Money is what it comes down to. International soccer has always been about money, International rugby now sees the dollar as the bottom line as much as soccer ever did. Therefore, the only reason that the GAA should consider renting Croke Park even for a moment is if they are getting pots and pots of money in return, money that they can use to further strengthen the association. Hurls don't come cheap, you know, and if you're going to bring hurling to non-hurling areas, you're going to get a lot of them smashed before anyone gets good at the ancient game.

There is only one true test of whether or not the GAA is getting enough money for the rental of Croke Park, and that is if Seán Kelly's opposite number in the FAI or IRFU is on TV bitching to Tony O'Donaghue about the price. Anything less, and they've sold for too little.

That established, that the only reason for renting Croke Park during the Lansdowne Road renovation is money and has nothing to do with some bizarre, spurious and unfounded sense of obligation to those great national institutions the FAI and the IRFU, there is one other major hurdle that the GAA has to cross before any deal can be signed, one that cuts right to the heart and ethos of the organisation.

It will come as news to the set who have found a Sunday in Croker an integral part of Summer in the City, 21st Century style, but Croke Park has been there for a long time before the current redevelopment.
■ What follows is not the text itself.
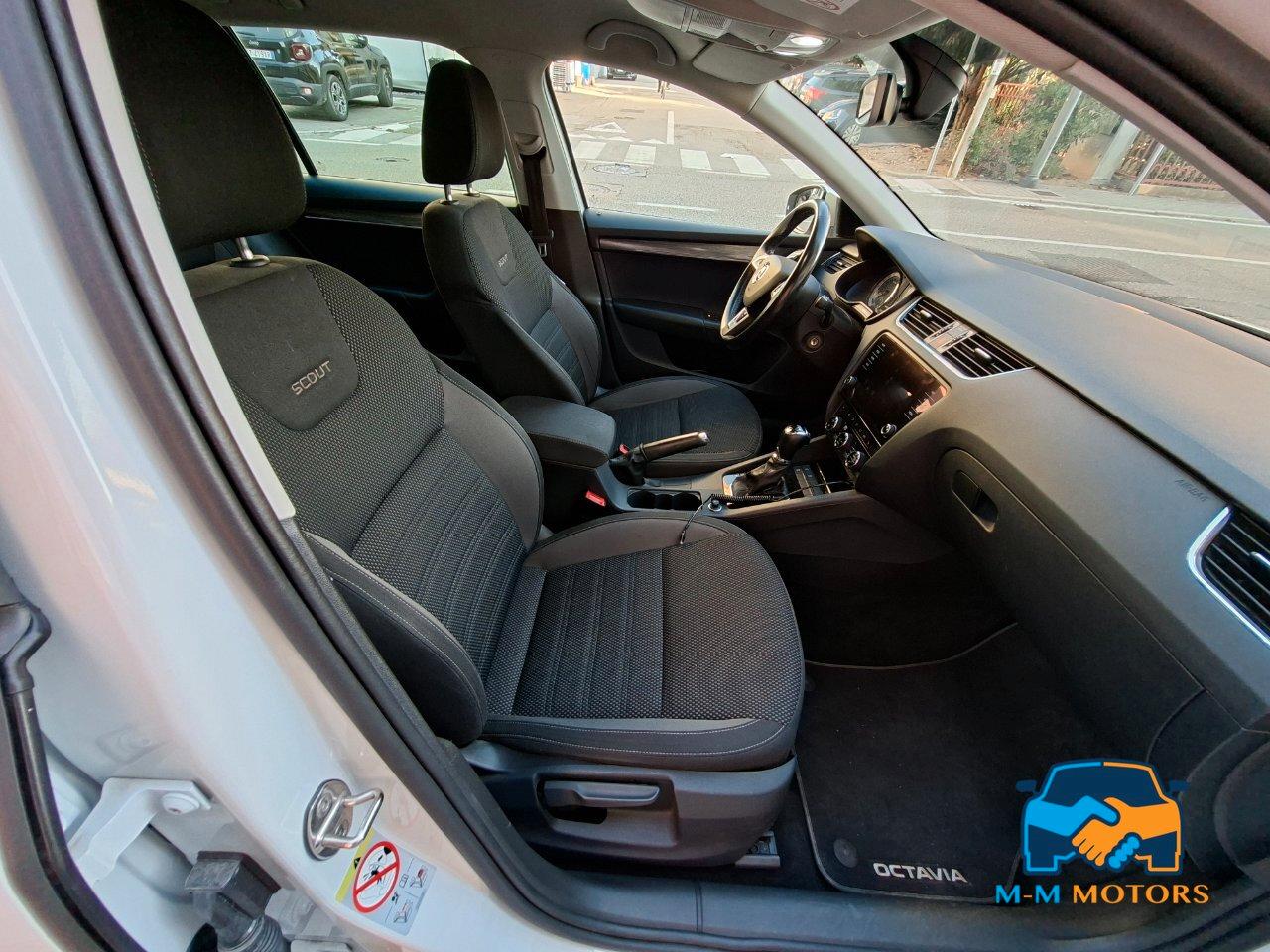 Skoda Octavia Wagon 2.0 tdi Scout 4x4 dsg 7 mt.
It was there on Sunday, November 21st, 192o, when fourteen people, between players and spectators, were shot dead by a combined force of RIC, the British Army and Auxiliaries.

The Hogan Stand is named after Michael Hogan, a Tipperary player who was shot and killed on November 2oth, 1920. A spectator who tried to say an Act of Contrition into Hogan's ear as he lay dying was also shot. One body was so riddled with bullets that the coroner thought he'd been bayoneted.

And that is the Hogan Stand that will host the English fans singing "Rule Britannia" should Ireland play England at soccer, something that hasn't happened since 1995, when the game was postponed after half an hour while those England fans rioted in Lansdowne Road. Are some things worth more than gold?

May God help the GAA in its tortured deliberations.